Piero della Francesca, la Conversation sacrée

CARTEL

Titres multiples

  • Vierge à l’enfant avec des saints
  • Pala di San Bernardino
  • Pala di Brera 
  • Retable de Brera 
  • Pala Montefeltro
  • ou plus communément Conversation sacrée (ou Sacra conversazione en italien) : le commanditaire prie la Vierge, les Anges et les Saints pour contribuer au salut de l’âme de la jeune défunte et pour qu’ils intercèdent en faveur de sa dynastie.

 COMMANDITAIRE

 Commandée en 1471, par Federico III da Montefeltro, duc d’Urbino, comme « demande de grâce » pour la conception d’un héritier mâle, après la naissance de sept filles ! Federico figure à genoux au pied du trône marial, revêtu de son armure de Condottiere ; il est encore dépourvu de ses armoiries (qui ne lui seront remises qu’en 1475 par le Pape Sixte IV) : précieux détail qui permet de dater le retable (ou pala en italien).

DATE

Réalisée en 1472, l’œuvre célèbre la naissance du fils tant désiré (Guidobaldo) en janvier 72 et rend hommage à Battista Sforza, son épouse, morte des complications de l’accouchement, en juillet 72, à l’âge de 26 ans. Ainsi, l’histoire personnelle du client se mêle-t-elle intimement au thème religieux voire l’emporte sur la dévotion religieuse. 

TECHNIQUE

Technique mixte sur bois : huile pour les tons de chair, tempera (ou détrempe à l’œuf) pour l’arrière-plan architectural, et glacis sur une base de détrempe pour les vêtements.

 DIMENSIONS

Des travaux de restauration et des études récentes (© Giorgio Gioppi) confirment que le format de l’œuvre a été réduit par Piero lui-même, en lien avec son obsession pour le Nombre d’or : à l’origine, elle mesurait 299 x 184 cm. Mais à la mort du commanditaire (1482), il la découpe sur les quatre côtés pour faire correspondre le calendrier de Federico (1422-1482, soit 60 ans) et les mesures de l’œuvre, correspondance obtenue grâce à la spirale de Fibonacci : cf. https://www.giorgioppi.net/. Aujourd’hui, les mesures officielles sont 251 x 172,5 cm. 

LIEU DE COSERVATION

Depuis le pillage des œuvres d’art opéré par les armées de Napoléon, elle est conservée, à la Pinacothèque de Brera (Milan), en effet, considérée mineure par les commissaires d’art accompagnant l’armée impériale, elle fut jugée indigne du musée du Louvre ! La notule du musée précise : « Après les spoliations napoléoniennes, le retable est arrivé à Brera depuis l’église de San Bernardino à Urbino, construite par Federico da Montefeltro pour abriter sa propre sépulture. Il est possible, mais pas certain, que le tableau ait été à l’origine destiné à ce lieu et à la tombe du Duc. »

STYLE

sévère : solennité et monumentalité un peu raides, adoucies par le traitement de la lumière et les couleurs.
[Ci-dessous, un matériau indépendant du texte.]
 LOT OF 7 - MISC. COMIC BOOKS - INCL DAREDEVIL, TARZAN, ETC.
Œuvre de la maturité, à la croisée de la science et de l’art (géométrie, mathématique au service de l’esthétique), synthèse absolue entre les peintures italienne (perspective) et flamande (luminosité, détails réalistes.)

PROBLÉMATIQUE

Comment Piero réalise-t-il les noces de l’Art et de la Géométrie ? et comment, sous couvert d’une scène religieuse, raconte-t-il l’histoire privée du commanditaire ? 

ART ET GÉOMÉTRIE

L’œuvre représente donc, sous une vaste abside, la Vierge à l’Enfant trônant, entourée de six saints, quatre anges et du donateur, à droite de la composition. 

➤Paradoxalement, Piero peint moins une conversation qu’une méditation sacrée ; ici le silence règne : les lèvres sont serrées, les regards ne se rencontrent pas et pourtant les personnages ne sont pas isolés mais unis dans la prière et enveloppés par l’architecture. 
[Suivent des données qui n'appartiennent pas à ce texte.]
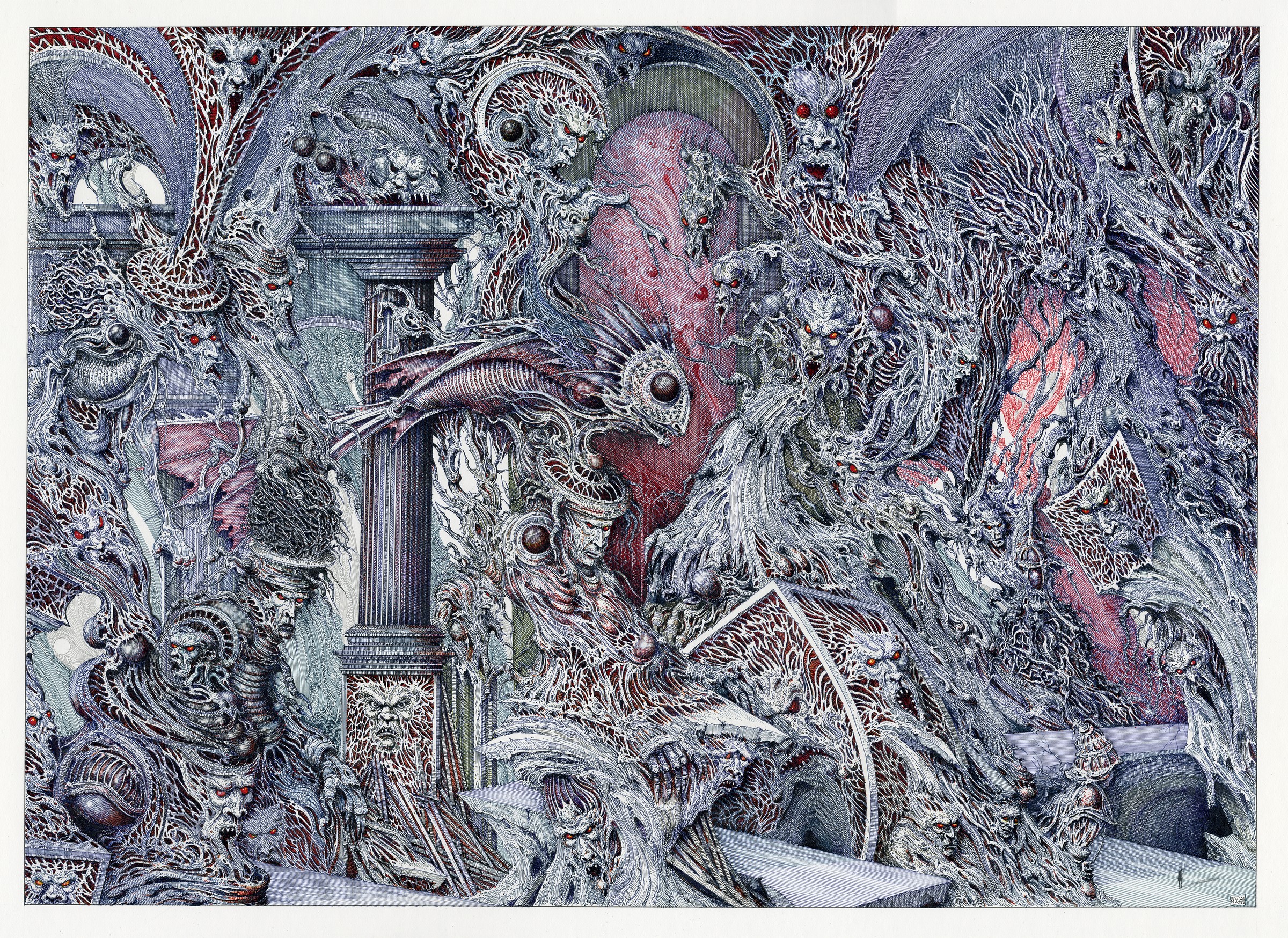 Hall of Voices by Ian Miller: a vast ghostly hall crowded with faces, a lone human figure among them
Une architecture, grandiose et ombrée, clairement au service de la perspective et inspirée :

  • de la grande voûte à caissons de Leon-Battista Alberti (1404-1472), théoricien de l’architecture. Son De Re aedificatoria (c.1450) a fait accéder l’architecture au rang d’art libéral (mathématisable), ancrée dans la culture humaniste, ouverte à la rationalité, à la beauté et à l’utilité des édifices.
  • et/ou de la Trinité, peinte à fresque par Masaccio, en 1425, pour l’église Santa Maria Novella (Florence)
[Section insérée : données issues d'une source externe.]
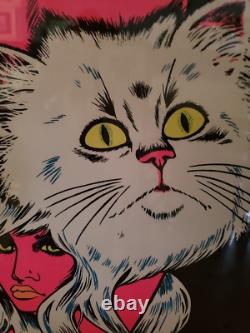 RARE Vtg 70's BLACKLIGHT Personality Poster'PINK PUSSY CAT SIGNED MICHEL ANT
➤Et il réalise une admirable démonstration de géométrie, sur deux plans :

  • à l’arrière-plan, la pureté géométrique du demi-cercle de la voûte s’ajoute à la pureté géométrique de la coquille Saint-Jacques renversée. Ces lignes semi-circulaires se répètent dans les panneaux de marbre disposés en arc-de-cercle
  • et, au premier plan, dans l’assemblée des personnages, qui occupent toute la largeur du tableau. Ils sont rangés selon la règle de l’isocéphalie 【malgré des positions différentes et des situations sur des plans divers, tous ont la tête (<grec : kephalē) au même (<iso) niveau, située sur une même ligne horizontale; les quatre Anges, sans identité spécifique, côtoient des Saints, reconnaissables à leurs attributs : à droite : François d’Assise et ses stigmates ; Pierre de Vérone et sa blessure à la tête ; Jean l’Evangéliste présentant son Livre ; à gauche : Jean-Baptiste avec son bâton et sa peau de bête ; Bernardin de Sienne avec son profil acéré caractéristique ; Jérôme avec sa tenue d’ermite. À cet axe horizontal, répond un axe vertical formé par l’œuf à l’aplomb de la Vierge et du nombril de l’enfant Jésus.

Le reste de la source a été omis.